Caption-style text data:
★ ★ ★ ★
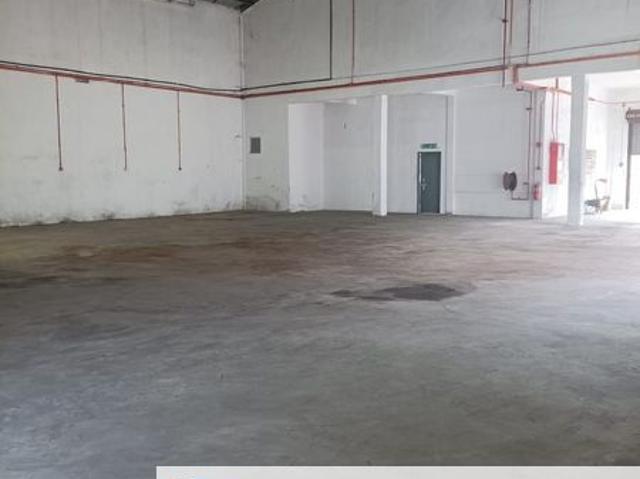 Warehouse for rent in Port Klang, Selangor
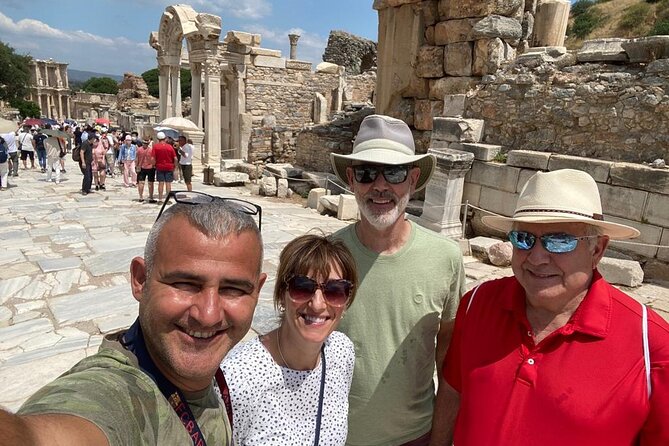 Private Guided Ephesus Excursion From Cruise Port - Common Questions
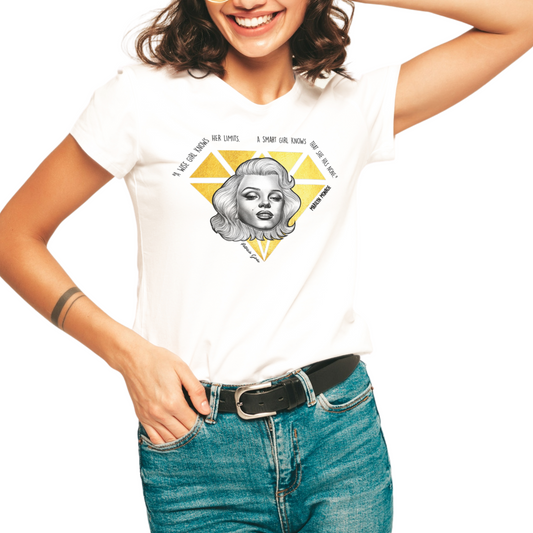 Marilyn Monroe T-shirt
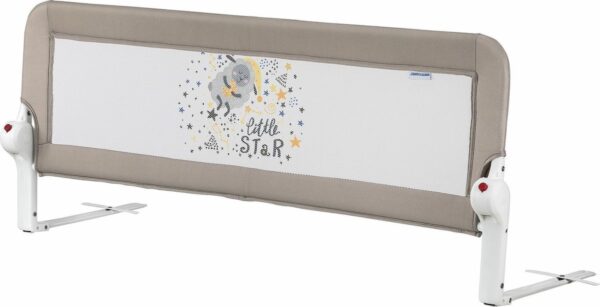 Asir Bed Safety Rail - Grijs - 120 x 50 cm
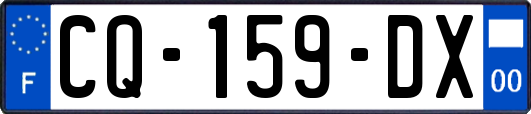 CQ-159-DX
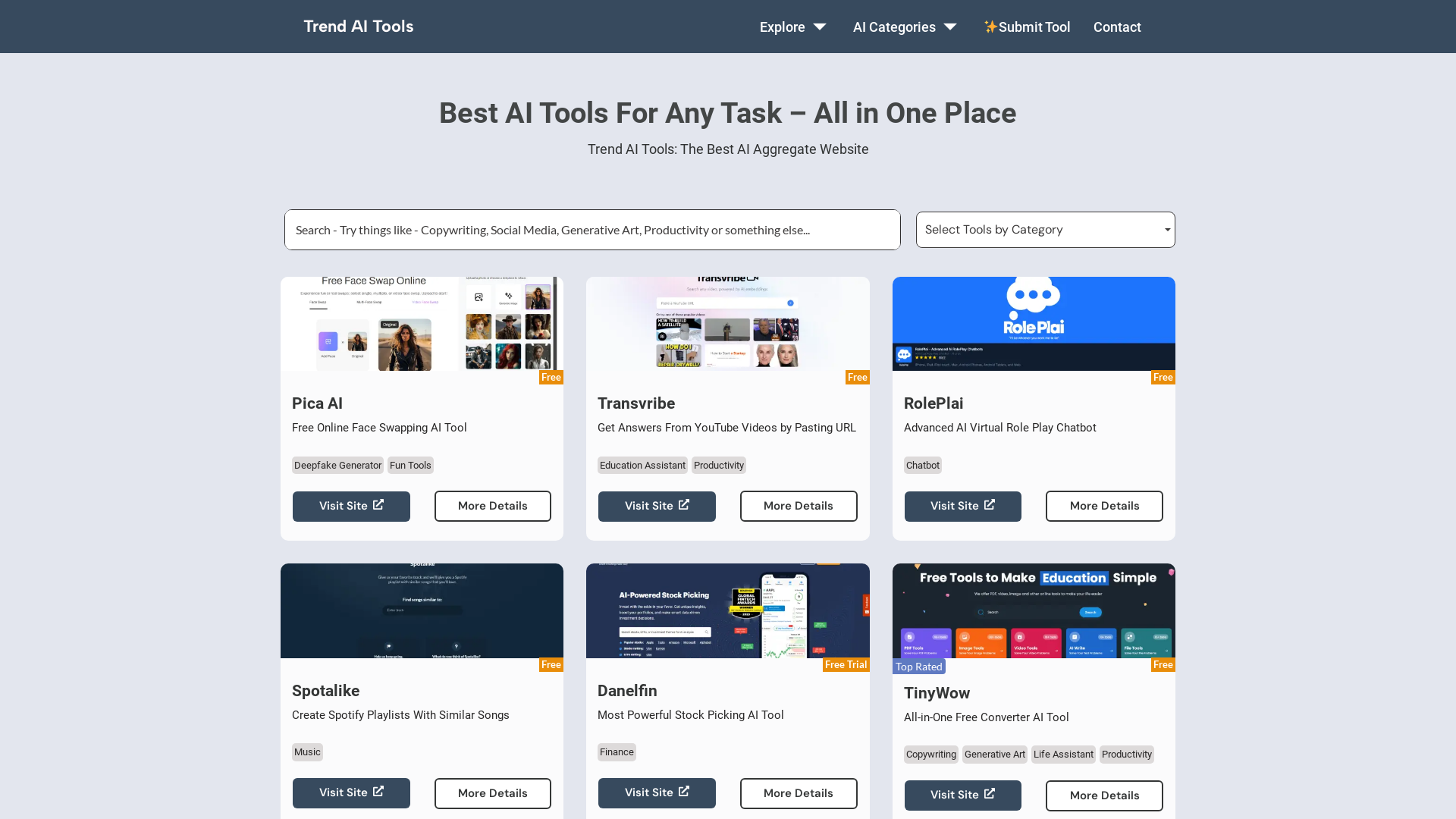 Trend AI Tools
★ ★ ★ ★
-- What the task asks --
The entries above are to be repeated exactly, except for any pictures.

-- Your solution --
 Warehouse for rent in Port Klang, Selangor
 Private Guided Ephesus Excursion From Cruise Port - Common Questions
 Marilyn Monroe T-shirt
 Asir Bed Safety Rail - Grijs - 120 x 50 cm
 CQ-159-DX
 Trend AI Tools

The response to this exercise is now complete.